Norwegian conductor and violinist

Eivind Aadland (born 19 September 1956) is a Norwegian conductor and violinist. He has been concert master of the Bergen Philharmonic Orchestra. Since 2020 he has been Chief Conductor and Artistic Director of the Tasmanian Symphony Orchestra

Aadland was Chief Conductor and Artistic Leader of the Trondheim Symphony Orchestra between 2004–2010 and maintains a regular relationship with many Scandinavian orchestras, including the Oslo and Bergen Philharmonics, Stavanger Symphony and Swedish Chamber Orchestra. At Den Norske Opera in Oslo he has conducted productions of Don Giovanni, Le nozze di Figaro, Die Zauberflöte and Die Fledermaus.

Recent seasons have included performances with the Orchestre du Capitole de Toulouse, the Swedish Radio and Melbourne Symphony Orchestras, the Lausanne and Scottish Chamber Orchestras and the Symphony Orchestras of Gothenburg, the Finnish Radio, SWR Stuttgart and WDR Cologne. Engagements during the 08/09 season included concerts with the Iceland Symphony Orchestra, Tasmanian Symphony Orchestra and the Queensland Orchestra, Royal Flemish Philharmonic and the Orchestre National de Belgique.

Mr. Aadland's recording output encompasses a diverse range of repertoire and he is a champion of Norwegian and Swedish composers. These include the symphonic works of Eivind Groven, a disc of Norwegian orchestral favourites and the complete music for violin and orchestra of Arne Nordheim with the Stavanger Symphony – all for BIS records. On the Simax label Aadland he has made discs of Irgens Jensen's works with the Bergen Philharmonic, music of Ole Bull with the Trondheim Symphony and music of Gustav Holst, Percy Grainger and Florent Schmitt with The staff band of the Norwegian Armed Forces. Also with the Trondheim Symphony, he has recorded two discs devoted to the orchestral music of Ludwig Irgens-Jensen and Gerhard Schjeldrup for CPO Records. He has also recorded for Hyperion, ASV, IMP Classics, and Koch.

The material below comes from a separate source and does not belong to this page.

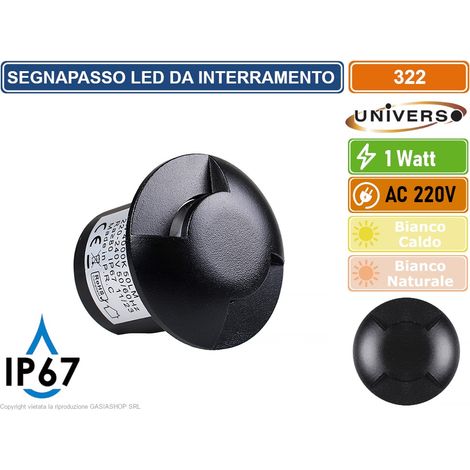 Mini Faretto LED da Incasso Segnapasso LED SMD 1W IP67 Da Esterni Calpestabile 2 uscita,naturale 4000k (1/5)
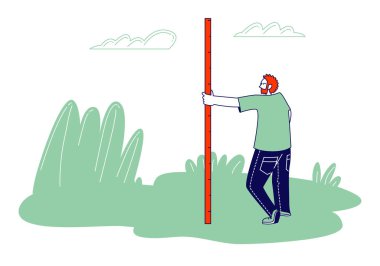 Geological Field Work with Professional Tools, Geologist Holding Ruler on Nature Background Searching Minerals Sample with Geodetic Measurement Instruments, Cartoon Flat Vector Illustration, Line Art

A student of Jorma Panula, Eivind Aadland was encouraged by Mariss Jansons to pursue his conducting career. Previously as a violinist, Eivind Aadland was concertmaster of the Bergen Philharmonic (1981–1989) and music director of the European Union Chamber Orchestra during 1987–1997, with whom he directed concerts at concert halls and festivals throughout Europe, and made a number of recordings. Mr. Aadland studied with Yehudi Menuhin and together they performed chamber concerts in Paris and London as well as in Switzerland.